Falling Waters “Park” at "Chipley, Florida"
During a recent journey across northwest “Florida”, we experienced an Indigenous Honoring Site that also features a 73-foot waterfall, sinkholes, and terrestrial caverns. We wanted to learn more about the first inhabitants who were likely attracted by the natural beauty and abundant resources surrounding the region now called “Falling Waters Park”, located just 3 miles south of the city of “Chipley” and about 120 miles northeast of Pensacola (yet another “city” in The Territory named for its Indigenous beginnings).
Reportedly, Indigenous People lived in the area once referred to as Falling Waters Hill, which was part of a cluster of hills, some with elevations taller than 300 feet. According to archaeological surveys, Falling Waters Hill is listed as a cultural asset from the so-called Weedon Island period [450 – 1000 AD] and local planning documents set protocols specific to its preservation. These plans include the surrounding landscapes of upland pine forests, steep ravines and sloped seepages, especially the network of sinkholes and caverns where some records suggest that early inhabitants used them as “hideaway shelters.” Also, it was said that this landmark ‘hill’ could be seen from long distances all around.

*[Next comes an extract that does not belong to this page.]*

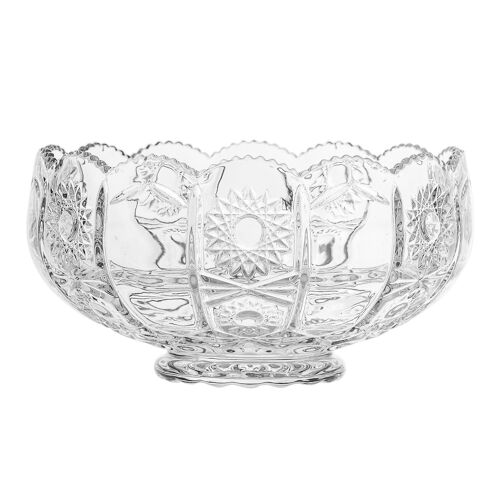 Sif Punch Bowl, Clear, Glass - (D26,5xH14,5 cm)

Additionally, we found an interesting publication that claimed old-timers referred to the hills near the “park’s” present entrance as “mounds” and referred to the “park” site as a former “Indian” village. The book also mentions a 1778 area map shows existence of the Indigenous village of “Pokanaweethly” and has a notation written on it that reads, “the river here runs subterraneous.” Some researchers speculate that this possibly references the disappearing waterfall currently seen at “Falling Waters Park”.
Furthermore, past and present-day recoveries around this area consist of Indigenous ceramics, arrowheads, and other historic items. As a matter of fact, a 2007 newspaper article reported that an archaeological survey team found hundreds of artifacts at Falling Waters “Park” dating from 1,000 to 1,500 years ago. The article also noted that judging from the number of crafted items found around the “park” campsites, Indigenous People experienced a culturally abundant existence here.
All of the above findings present significant confirmation of Indigenous habitation at this location. We honor their legacy by engaging on this Journey of Appreciation and we fully anticipate an awakening experience. Also, we were curious about whether “Florida” has any naturally occurring waterfalls and this 173-acre “park” (said to be 324 feet above sea level at its highest point) has earned distinction of having “Florida’s” tallest waterfall. We looked forward to experiencing this.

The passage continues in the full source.